Write to Kusto in Synapse with option "sparkIngestionPropertiesJson" always failed in spark 3.3

xiaoshiyi123 commented 10 months ago

Describe the bug Hi Team We want to update the Spark pool from 3.2 to 3.3. But when we use "sparkIngestionPropertiesJson" to write to Kusto, the spark job will not stop or fail, running for a long time.

To Reproduce Steps to reproduce the behavior:

Create a spark pool with spark 3.3
Create a notebook and use this spark pool
Read a df and write to Kusto with option "sparkIngestionPropertiesJson"

Expected behavior Write to Kusto successfully.

Screenshots use sp

do not use sp can success

Desktop (please complete the following information):

Additional context Add any other context about the problem here.
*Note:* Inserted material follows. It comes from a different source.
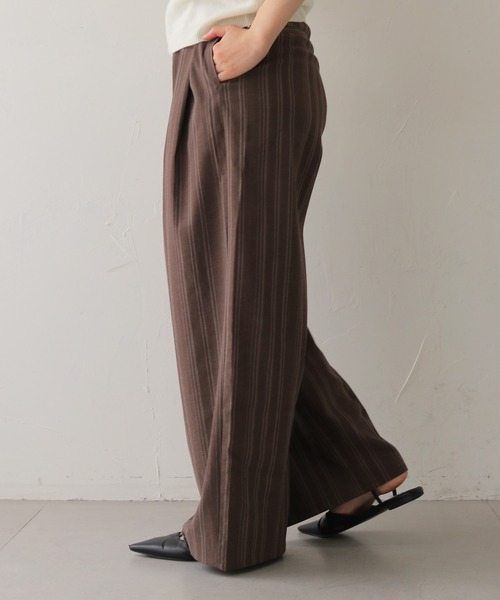 cheriella(シェリエラ)の「【cheriella】リネンライクストライプワイドスラックス LINEN-LIKE STRIPE WIDE SLACKS(スラックス・レディース・ブラウン/アイボリー・FREE)」の12枚目の写真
ag-ramachandran commented 10 months ago

Hi @xiaoshiyi123

a) There are a couple of challenges here, by using SparkIngestionPropertiesJson, we are using the FlushImmediatelt flag to true, which we do not recommend.

Here is how the internals work

DataFrame ----> Write to blob ------> Ingest this blob

To optimize for throughput in ingestion, the size of the blob is critical. Kusto is optimized for few large blobs , as opposed to many small blobs. Please use the right batching policy from Kusto and you can get rid of SparkIngestionProperties altogether

(Refer : https://learn.microsoft.com/en-us/azure/data-explorer/kusto/management/batchingpolicy)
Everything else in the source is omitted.